• [DATA RECORDS]:
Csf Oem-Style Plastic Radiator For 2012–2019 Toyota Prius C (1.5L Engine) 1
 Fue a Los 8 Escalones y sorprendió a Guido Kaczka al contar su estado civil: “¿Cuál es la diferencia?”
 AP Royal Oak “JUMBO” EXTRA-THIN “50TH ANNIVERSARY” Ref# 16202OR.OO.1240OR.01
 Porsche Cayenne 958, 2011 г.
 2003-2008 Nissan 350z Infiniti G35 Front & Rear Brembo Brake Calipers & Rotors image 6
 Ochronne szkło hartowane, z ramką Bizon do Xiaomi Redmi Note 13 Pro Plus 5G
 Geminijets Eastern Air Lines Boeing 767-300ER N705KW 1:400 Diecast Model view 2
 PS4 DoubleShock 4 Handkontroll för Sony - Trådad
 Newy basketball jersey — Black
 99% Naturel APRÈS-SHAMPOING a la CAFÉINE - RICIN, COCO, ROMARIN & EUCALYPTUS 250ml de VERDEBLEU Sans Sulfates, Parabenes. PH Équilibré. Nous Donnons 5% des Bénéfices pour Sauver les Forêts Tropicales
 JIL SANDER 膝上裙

• [WHAT THE TASK REQUIRES]:
Every single line of the data above must be set down again exactly.

• [RESULT OF THE EXERCISE]:
Csf Oem-Style Plastic Radiator For 2012–2019 Toyota Prius C (1.5L Engine) 1
 Fue a Los 8 Escalones y sorprendió a Guido Kaczka al contar su estado civil: “¿Cuál es la diferencia?”
 AP Royal Oak “JUMBO” EXTRA-THIN “50TH ANNIVERSARY” Ref# 16202OR.OO.1240OR.01
 Porsche Cayenne 958, 2011 г.
 2003-2008 Nissan 350z Infiniti G35 Front & Rear Brembo Brake Calipers & Rotors image 6
 Ochronne szkło hartowane, z ramką Bizon do Xiaomi Redmi Note 13 Pro Plus 5G
 Geminijets Eastern Air Lines Boeing 767-300ER N705KW 1:400 Diecast Model view 2
 PS4 DoubleShock 4 Handkontroll för Sony - Trådad
 Newy basketball jersey — Black
 99% Naturel APRÈS-SHAMPOING a la CAFÉINE - RICIN, COCO, ROMARIN & EUCALYPTUS 250ml de VERDEBLEU Sans Sulfates, Parabenes. PH Équilibré. Nous Donnons 5% des Bénéfices pour Sauver les Forêts Tropicales
 JIL SANDER 膝上裙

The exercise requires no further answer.